## What to produce
Within the records that follow, restate exactly the lines from the line with "17 triệu sản" down to the line with "i-Learn Smart Start", including both. Omit the pictures.

## Input

⁂

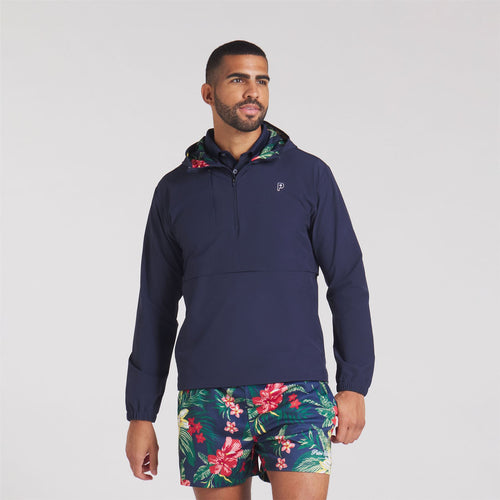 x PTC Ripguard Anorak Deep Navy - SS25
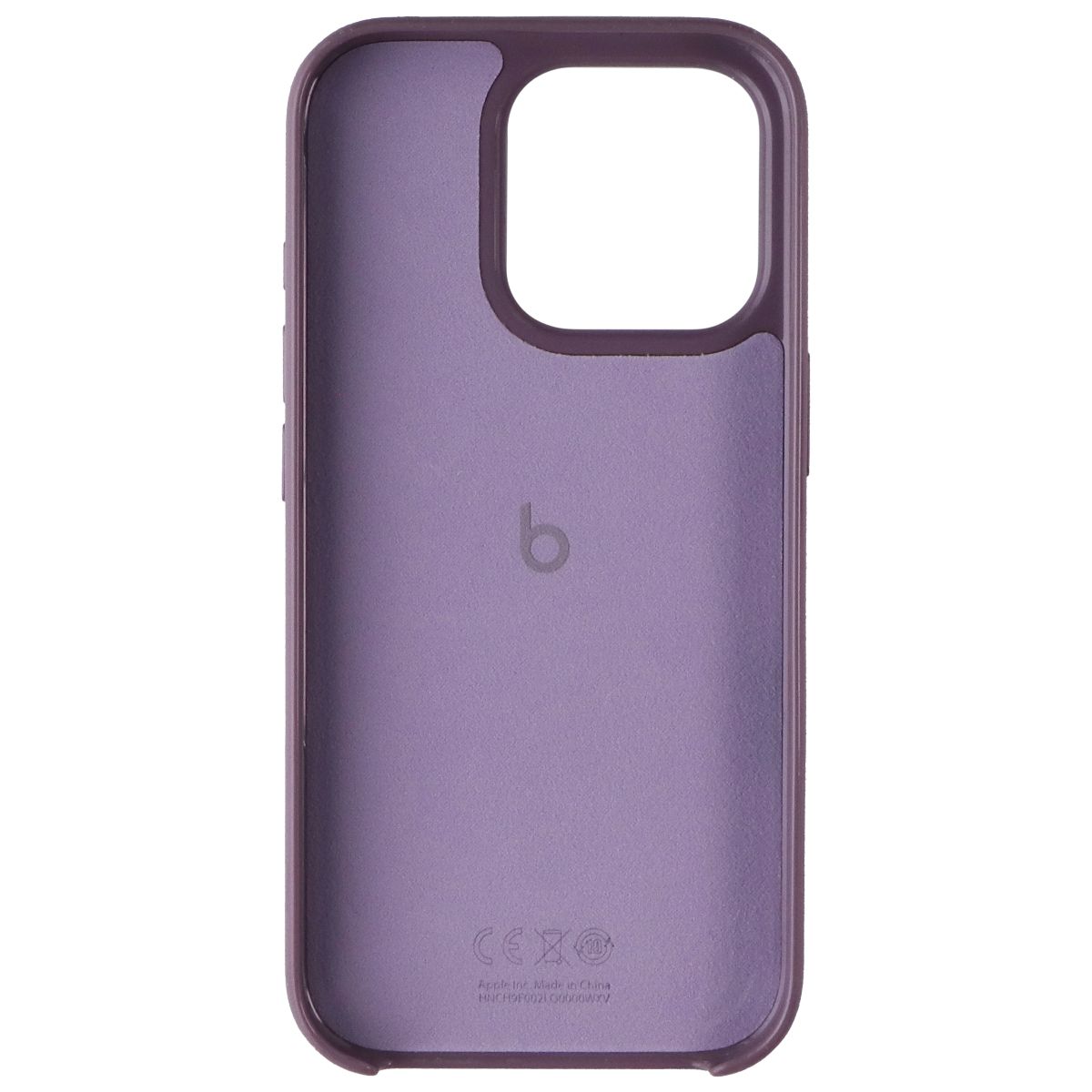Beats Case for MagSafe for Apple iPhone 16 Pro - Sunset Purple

⁂

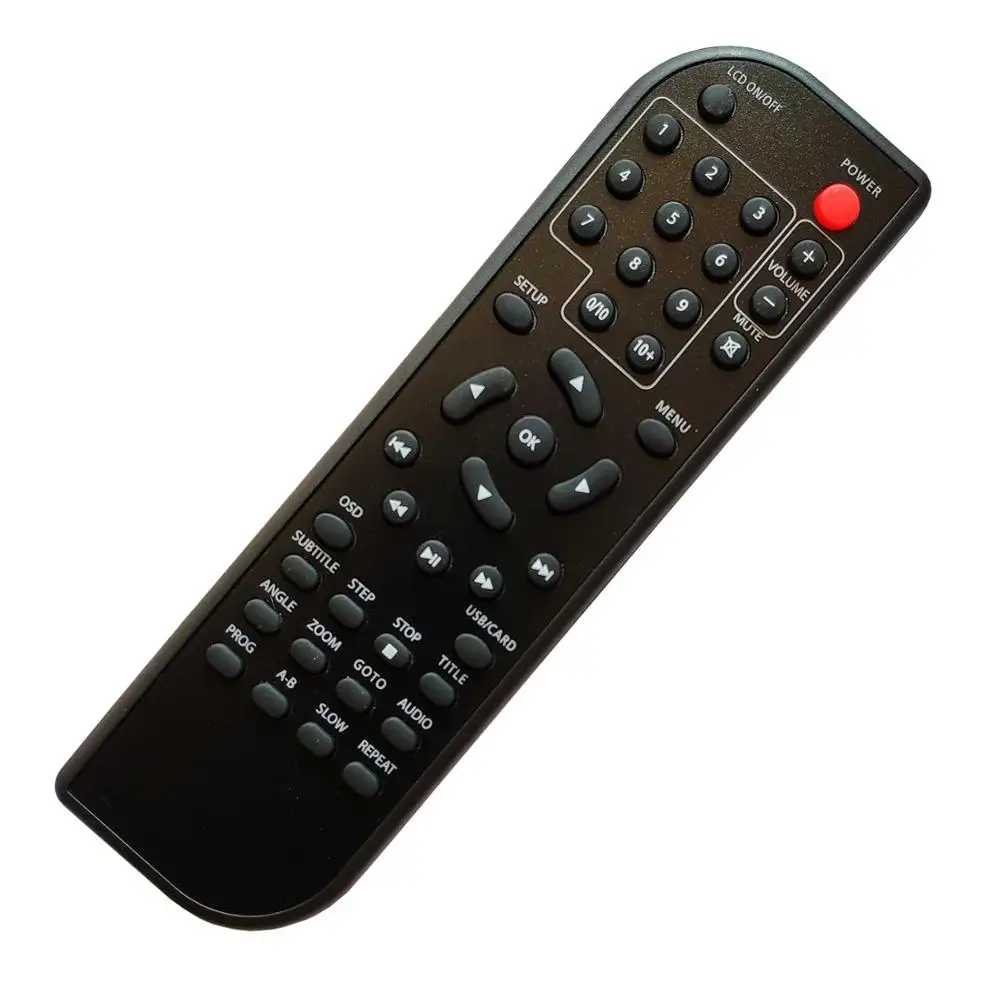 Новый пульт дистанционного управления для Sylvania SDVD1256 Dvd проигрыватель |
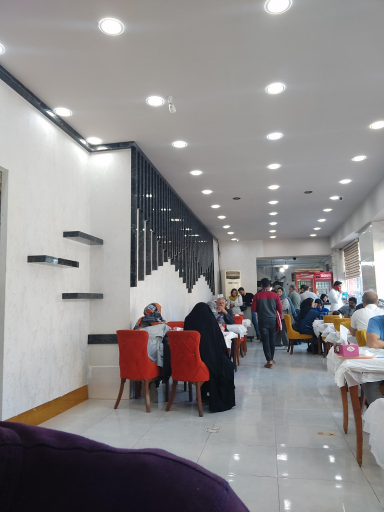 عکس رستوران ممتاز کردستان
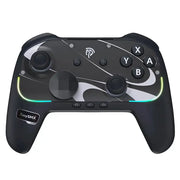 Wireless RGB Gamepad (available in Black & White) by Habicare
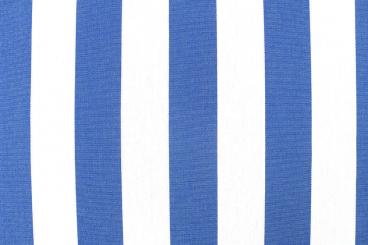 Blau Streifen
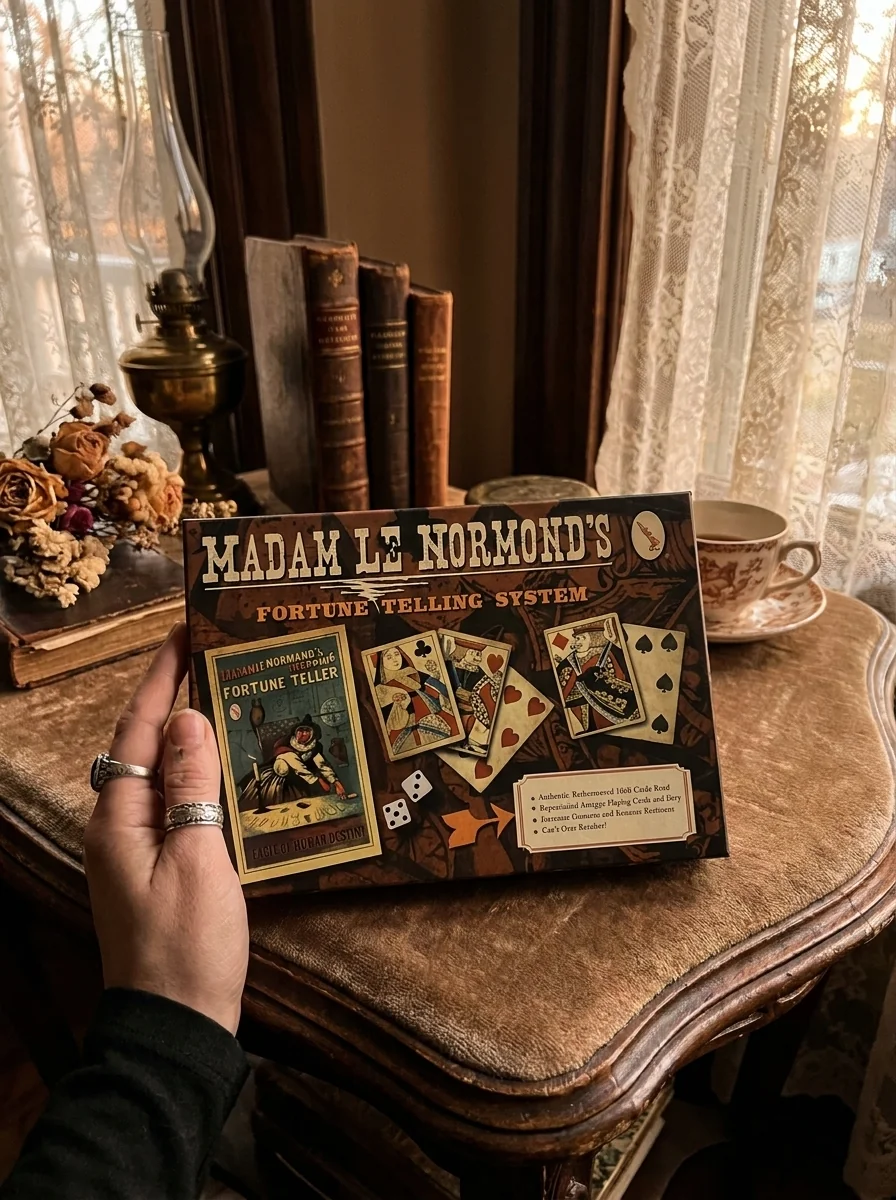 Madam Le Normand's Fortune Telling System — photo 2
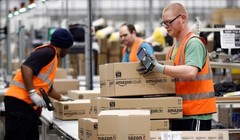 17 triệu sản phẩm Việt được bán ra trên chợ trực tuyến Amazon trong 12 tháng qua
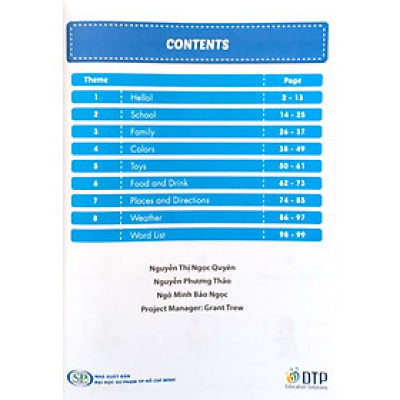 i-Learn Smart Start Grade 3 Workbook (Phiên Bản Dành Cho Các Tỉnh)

⁂

## Answer for this exercise
 17 triệu sản phẩm Việt được bán ra trên chợ trực tuyến Amazon trong 12 tháng qua
 i-Learn Smart Start Grade 3 Workbook (Phiên Bản Dành Cho Các Tỉnh)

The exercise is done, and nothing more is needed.